26.06.2010 to 19.06.2011

Bode-Museum
Bode-Museum

Encouraged by textile finds dating from Late Antiquity, discovered in Arsinoe (Egypt) at the beginning of the 1880s, the African explorer, Georg Schweinfurth, also decided to conduct excavation work there in 1884. Within two short years, he had unearthed around 450 textile fragments, as well as complete items of clothing and headdress, blankets and cushions. In 1887 these items came into the possession of the Egyptian Museum in Berlin. Decades later, in 1923 and in the years 1934 to 1935 they were handed over to the Early Christian department of the then Kaiser-Friedrich-Museum, now known as the Museum of Byzantine Art.

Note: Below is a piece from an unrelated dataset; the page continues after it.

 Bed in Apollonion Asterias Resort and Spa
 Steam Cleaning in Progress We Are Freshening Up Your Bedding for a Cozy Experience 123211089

While it was customary for other excavators of textiles at the time to cut out the ornamental features and discard the rest, thus destroying the objects' cultural-historical context, Georg Schweinfurth preserved the items of clothing and used fabrics in their complete state as best he could, or saved significant parts of them.
Using several of his Ancient Egyptian finds from the Egyptian Museum as well as manuscripts, drawings and printed books from the Berlin State Library, the exhibition traces the explorer's biography and examines the full range of his diverse researches. In all, around 30 archaeological textiles are on display, spanning the entire spectrum of clothing and used fabrics from Late Antiquity.